Major or not, shareholders must get equal access to information
Major or not, shareholders must get equal access to information
Officials and business executives have not reached a deal about whether a shareholder with 1 per cent stake can get access to top-secret business information.Making business information more accessible to all shareholders and investors is one of the key tasks that are expected to help local firms increase capital from the equity market.
In recent years, business transparency has remained a challenge for Vietnamese market regulators to improve the quality of the equity market as individual investors and shareholders are still limited from getting to know their investees deeply and clearly.
It is also among several key reasons why the Vietnamese equity market has not been upgraded to the status of emerging market from that of frontier market by international crediting agencies.
To help minor investors have fair right alongside major shareholders in a business, specialists are finding ways to amend the Law on Enterprises to raise the quality of corporate governance and help Vietnamese firms meet international standards and practices, starting with better protection of shareholders.
Phan Duc Hieu, deputy director of the Central Institute for Economic Management (CIEM), said that shareholders must be given access to more classified information of the firm.
Under Item 2, Article 114 of the existing Law of Enterprise, classified information is approachable for major shareholders only if they hold at least 10 per cent of the firm’s total shares for six straight months. The amended law could cut the rate to 1 per cent.
“It remains controversial,” Hieu told a seminar on Tuesday.
Hieu supported the cut, saying the reduction would help Viet Nam meet international standards set by more developed markets such as the South Korea, where the rate is 3 per cent, and Japan, where the ownership is one share or almost zero per cent stake.
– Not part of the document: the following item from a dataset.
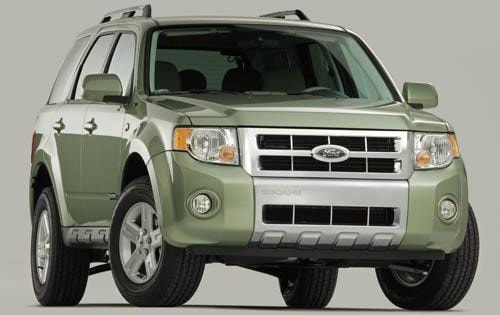 Khám phá chi tiết xe ô tô Ford Escape EV24 2015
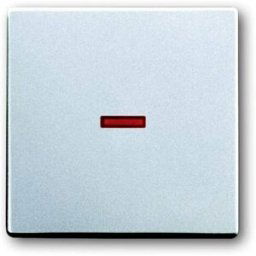 Busch-Jaeger Cache Bouton-poussoir aluminium banc (RAL 9006), aluminium 2CKA001751A2945 1 pc(s)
The Law on Securities states that a 5 per cent shareholder with 5 per cent ownership is major. So the two laws are contradictory.
While Hieu and some other officials were defensive towards the idea, business executives defied it.
If the idea is approved, buying 1 per cent of total shares could rock a business as minor shareholders will have the same power as major shareholders, according to Nguyen Thanh Viet, chairman of Infrastructure Investment and Transportation Construction JSC (Intracom).
“I agree the rate should be cut, but we should think carefully about how much it will be curbed,” he said, adding the issue could affect one’s secrets.
Meanwhile, Phan Le Hoang, deputy general director of Pacific Corporation, said the rate cut may not assure the company is competitive enough on the market as the power may be decentralised.
“It’s right to defend minor shareholders, but we need a par rate level for becoming a major shareholder so that major shareholders still have enough power and responsibility to determine the business operation,” Hoang said.